(Work instructions) Produce a word-for-word copy of the data that follows, excluding images.

(Provided data)
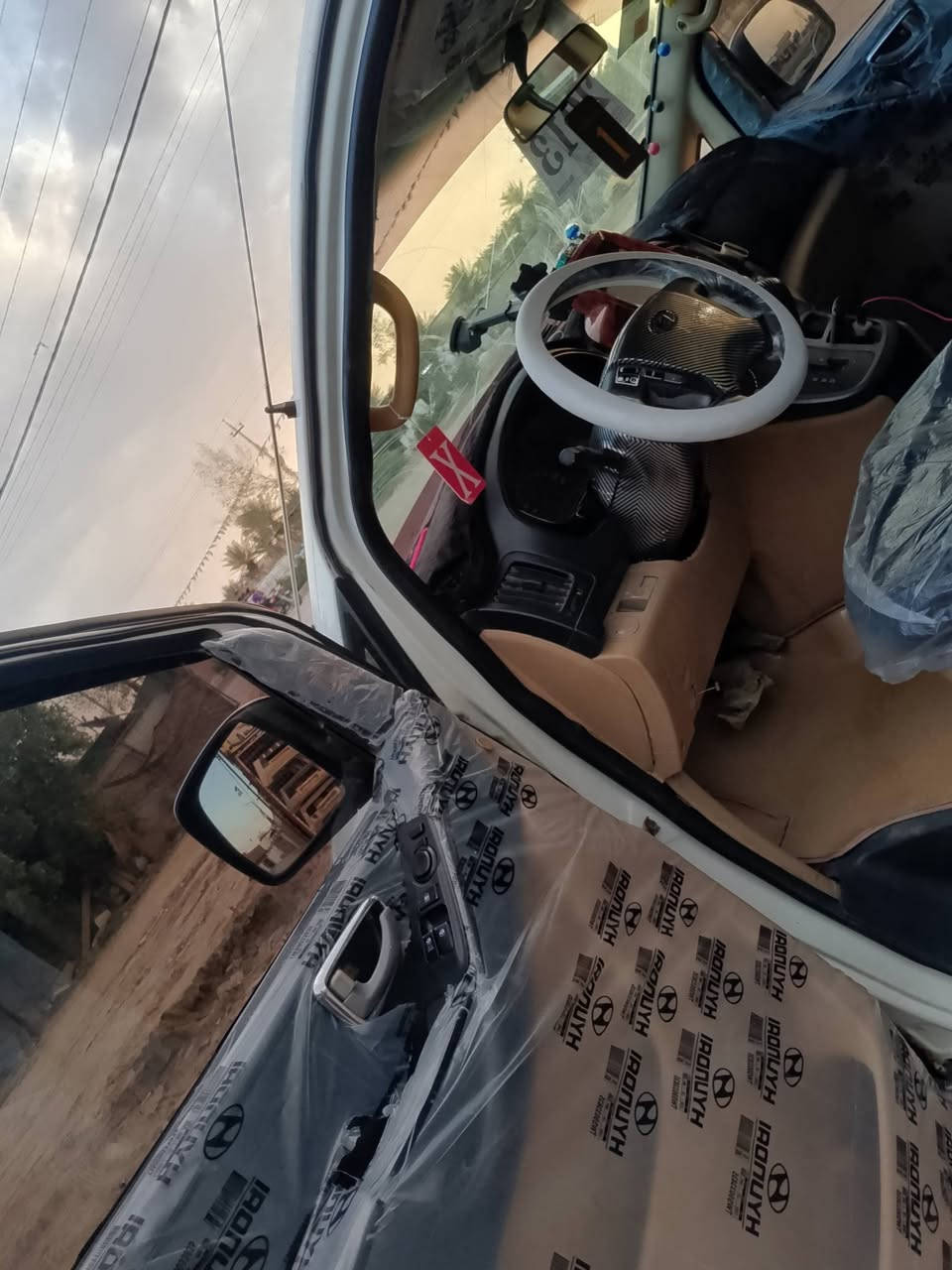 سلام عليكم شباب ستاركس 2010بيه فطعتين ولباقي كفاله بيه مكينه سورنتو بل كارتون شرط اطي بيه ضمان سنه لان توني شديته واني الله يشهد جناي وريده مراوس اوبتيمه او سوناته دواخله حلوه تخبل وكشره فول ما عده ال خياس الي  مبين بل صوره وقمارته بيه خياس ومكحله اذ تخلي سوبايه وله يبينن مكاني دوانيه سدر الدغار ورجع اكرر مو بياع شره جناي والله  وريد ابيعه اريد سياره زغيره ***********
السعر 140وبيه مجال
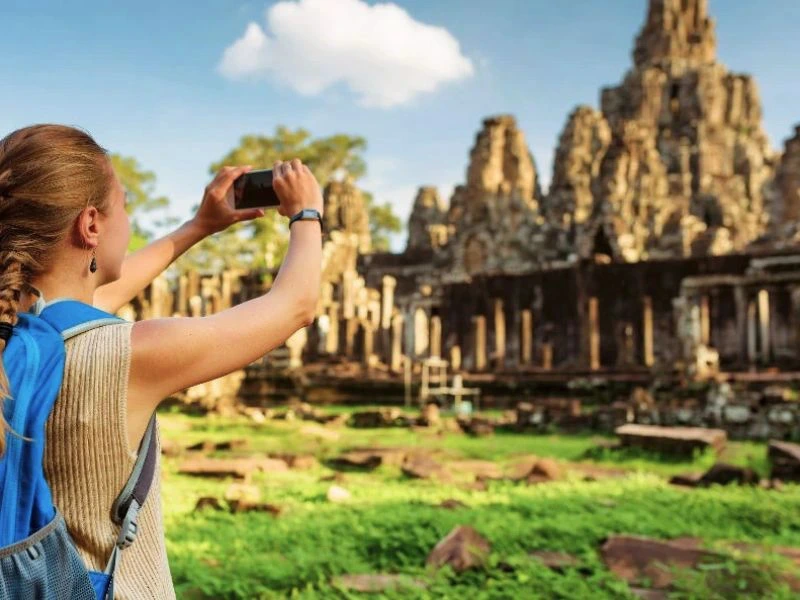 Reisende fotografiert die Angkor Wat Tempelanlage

(Problem solution)
 سلام عليكم شباب ستاركس 2010بيه فطعتين ولباقي كفاله بيه مكينه سورنتو بل كارتون شرط اطي بيه ضمان سنه لان توني شديته واني الله يشهد جناي وريده مراوس اوبتيمه او سوناته دواخله حلوه تخبل وكشره فول ما عده ال خياس الي  مبين بل صوره وقمارته بيه خياس ومكحله اذ تخلي سوبايه وله يبينن مكاني دوانيه سدر الدغار ورجع اكرر مو بياع شره جناي والله  وريد ابيعه اريد سياره زغيره ***********
السعر 140وبيه مجال
 Reisende fotografiert die Angkor Wat Tempelanlage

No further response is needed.